Ten years ago, in 2005, my friend Drew MacLellan asked if I would contribute a short article to the then new 24ways, “advent calendar for web geeks” and “a daily dose of web design and development goodness” throughout December.

At the time I’d just finished a design for a company I owned and had written about some of the techniques I’d used in my chapter of the ‘Web Standards Creativity’ book. It made sense to expand on those techniques for 24ways, so I wrote about CSS’ z-index property and stole my title from Pulp Fiction, ‘Z’s not dead baby, Z’s not dead’.

It’s funny looking back, but ten years ago, few people understood CSS positioning very well and fewer understood the z-index. It’s also fun to see me predicting that:

In combination with alpha transparency support for PNG images in IE7 and full implementation of position property values, the stacking of elements with z-index is going to be big.

Every year, Drew asked for a new article and so in 2006 I wrote about using CSS to embed ‘Production Notes’ into HTML prototypes, something that I’d left out of my ‘Transcending CSS’ book.

In 2007 I was speaking at conferences about comic book inspired layouts and so wrote about that in ‘Underpants Over My Trousers.’

2008 was a big year as it was then that I used 24ways to open source my now popular ‘Contract Killer’ contract. It’s since been used around the world by thousands of web designers and developers and is one of the things that I am most proud of in my career.

In 2009, in the run up to writing my second book, ‘Hardboiled Web Design,’ I shared ‘Ignorance Is Bliss,’ a story about how much to tell clients about differences in a design between browsers. It was a controversial article with 139 comments posted in the week that comments were open.

I carried on the progressive enhancement discussion a year later in ‘Circles of Confusion’ where I applied a photographic term to the fidelity of design on the web.

In 2011 I explained that ‘There’s No Formula for Great Designs’ and discussed how we can achieve “a feeling of natural balance between elements and the grid they’re placed on.”

In 2012, weeks before Anna and I launched our Unfinished Business podcast, I wrote about why there’s really no such thing as “too expensive” and how to address that in conversations with clients over money. I titled the post ‘Monkey business” as that was going to be the name of our podcast. Weeks later, we discovered another podcast with the same name, so changed it to ‘Unfinished Business.’
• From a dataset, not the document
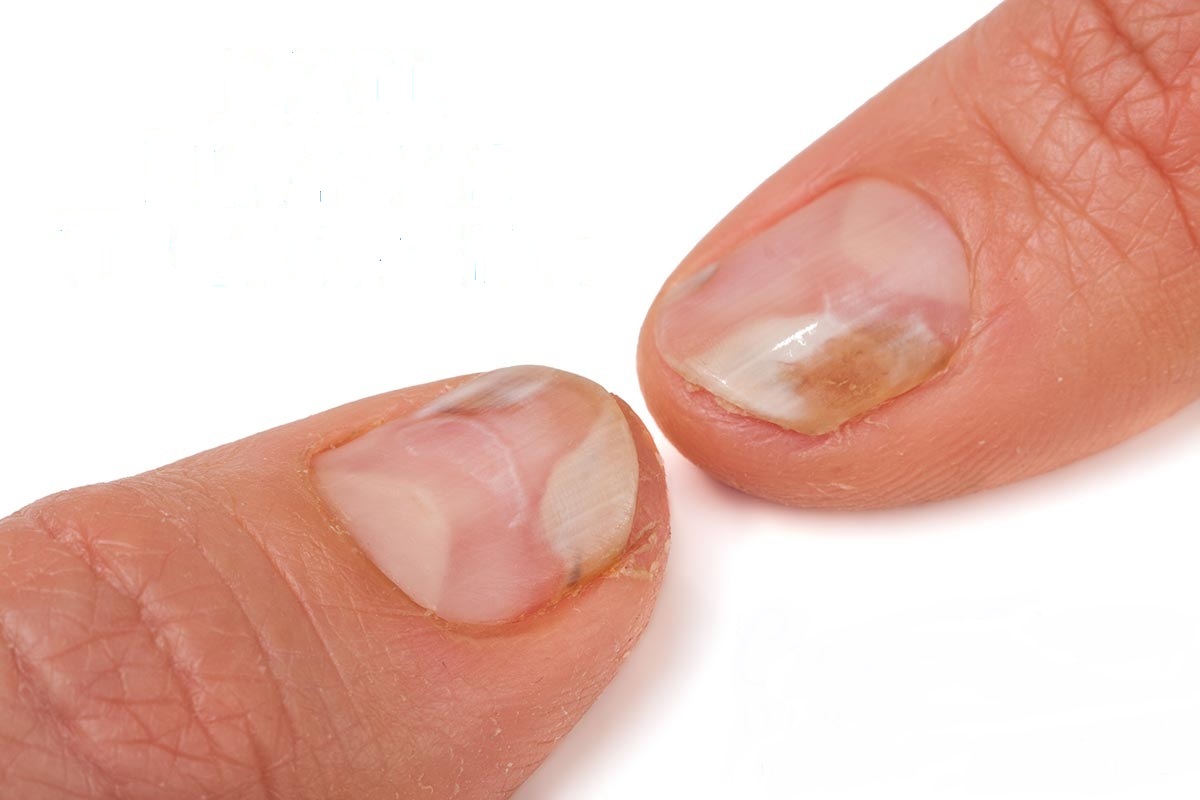 test negativ pentru ciuperca unghiilor de la picioare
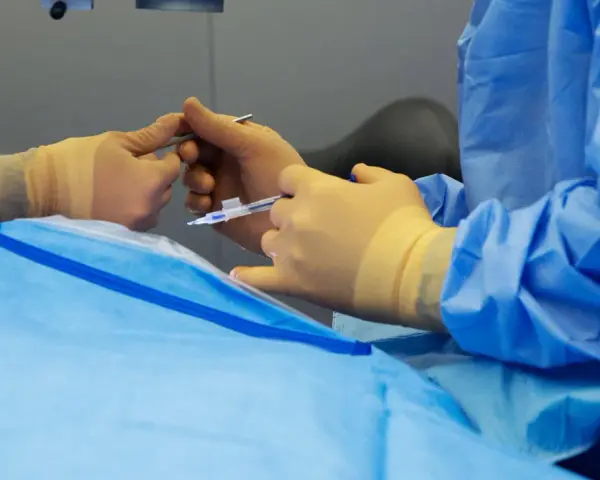 Mani guantate eseguono un intervento chirurgico oculare, forse un piombaggio retina, con precisione.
Last year, in ‘The Command Position Principle’ I wrote about how to take a ‘commanding’ position in negotiations with clients and now this year, the tenth year I’ve been writing for 24ways, I’ve written about ‘Taglines and Truisms,’ how we should use something that’s true about us to write a tagline that helps potential clients to understand who we are and what we do.

Start by writing a list of truisms about your company. Write as many as you can, but then whittle that list down to just one, the most important truth. Work on that truism to create a tagline that’s meaningful, difficult to be argue with and, above all, uniquely yours.

I’m very proud to have contributed to 24ways for the last ten years and proud to be associated with an industry project that’s maintained such a high standard and enthusiastic following. Happy tenth anniversary 24ways and a very happy Christmas to all of you.